Powell v. McCormack, 395 U.S. 486, 514, 89 S. Ct. 1944, 1960, 23 L. Ed. 2d 491 (1969). The instant case turns on construction of Article I, § 8 (the Commerce Clause) and Article VI, cl. 2 (the Supremacy Clause) of the United States Constitution.
 "Nothing in this chapter shall affect the jurisdiction of the securities commission (or any agency or officer performing like functions) of any State over any security or any person insofar as it does not conflict with the provisions of this chapter or the rules and regulations thereunder."
 For other arguments that tender offers do not affect existing intracorporate relationships and thus involve the internal affairs of a corporation, see Comment, Commerce Clause Limitations upon State Regulation of Tender Offers, 47 So.Cal.L.Rev. 1133, 1153-7 (1974).
 If there were no Idaho shareholders of Sunshine, Idaho could still apply its takeover law out of paternal concern for the shareholders of sister states. TR. I at 225.
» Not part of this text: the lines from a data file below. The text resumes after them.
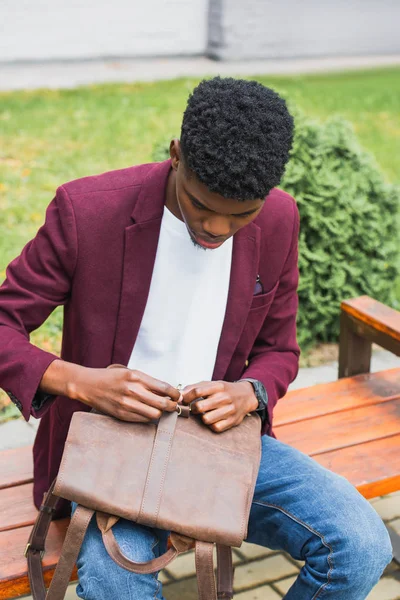 Handsome young student opening leather backpack while sitting on bench on street — Stock Photo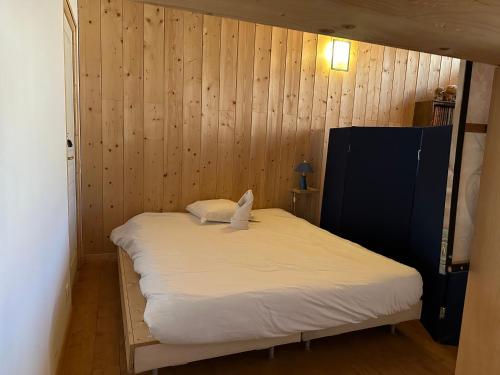 Bett in einem Zimmer mit einer Holzwand in der Unterkunft Appartement T3+Mezzanine CHARLOTTE in Courchevel
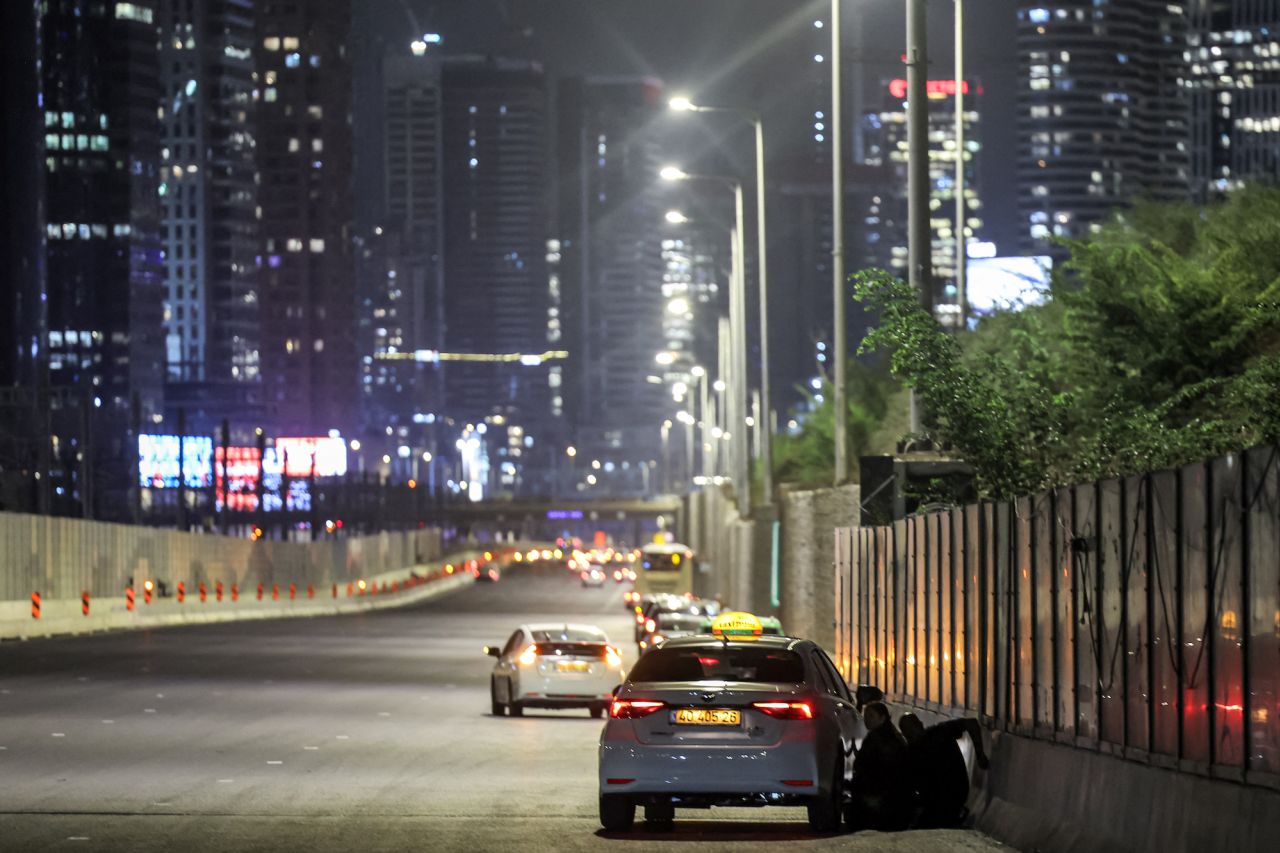 People take cover behind a vehicle parked along the side of a highway in Tel Aviv.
 Safeguards exist other than limits on personal jurisdiction. Once jurisdiction is found venue and service of process provisions must also be met to submit a defendant to jurisdiction in a district.
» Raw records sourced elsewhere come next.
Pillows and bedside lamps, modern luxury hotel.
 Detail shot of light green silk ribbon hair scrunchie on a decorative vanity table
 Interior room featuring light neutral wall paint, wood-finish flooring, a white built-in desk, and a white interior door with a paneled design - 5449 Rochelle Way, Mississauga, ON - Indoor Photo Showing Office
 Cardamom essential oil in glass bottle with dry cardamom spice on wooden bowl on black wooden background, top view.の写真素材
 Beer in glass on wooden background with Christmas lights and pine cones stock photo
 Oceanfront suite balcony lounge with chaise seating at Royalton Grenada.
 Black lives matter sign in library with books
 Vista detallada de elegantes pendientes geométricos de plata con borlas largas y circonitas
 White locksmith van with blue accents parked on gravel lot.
 The court also considered matters which would be considered under 28 U.S.C. § 1404, such as inconvenience to the defendant in the forum, the matter of judicial economy, the site of discovery and the extent of impact of the regulated activity in question that the defendant's actions have beyond its borders.
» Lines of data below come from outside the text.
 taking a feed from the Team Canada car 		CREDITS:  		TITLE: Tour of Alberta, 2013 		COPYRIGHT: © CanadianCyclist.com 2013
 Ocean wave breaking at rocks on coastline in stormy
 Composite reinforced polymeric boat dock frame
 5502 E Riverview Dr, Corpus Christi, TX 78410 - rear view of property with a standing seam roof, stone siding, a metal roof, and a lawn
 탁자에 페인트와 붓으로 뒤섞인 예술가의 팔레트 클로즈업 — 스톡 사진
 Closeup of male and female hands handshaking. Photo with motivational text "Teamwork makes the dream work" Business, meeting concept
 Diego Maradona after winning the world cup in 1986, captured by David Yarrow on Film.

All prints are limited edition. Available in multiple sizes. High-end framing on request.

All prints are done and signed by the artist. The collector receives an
 Although, as Idaho itself suggested at trial on the merits, its extraterritorial regulation may be void, its state officials have previously taken the contrary position. TRO tr. at 116. No prudent businessman is going to make the offer outside of Idaho and await the state's view on whether he should spend up to three years in prison. Idaho Code § 30-1510.
 Hines v. Davidowitz, 312 U.S. 52, 67, 61 S. Ct. 399, 404, 85 L. Ed. 581 (1941).
 "Of course, under securities laws state regulation may coexist with that offered under the federal securities laws." SEC v. National Securities, 393 U.S. 453, 461, 89 S. Ct. 564, 569, 21 L. Ed. 2d 668 (1969).
 Courts may examine unstated purposes of state statutes when evaluating their validity. Pike v. Bruce Church, Inc., 397 U.S. 137, 144-45, 90 S. Ct. 844, 25 L. Ed. 2d 174 (1970); Foster-Fountain Packing Co. v. Haydel, 278 U.S. 1, 10, 49 S. Ct. 1, 73 L. Ed. 147 (1928).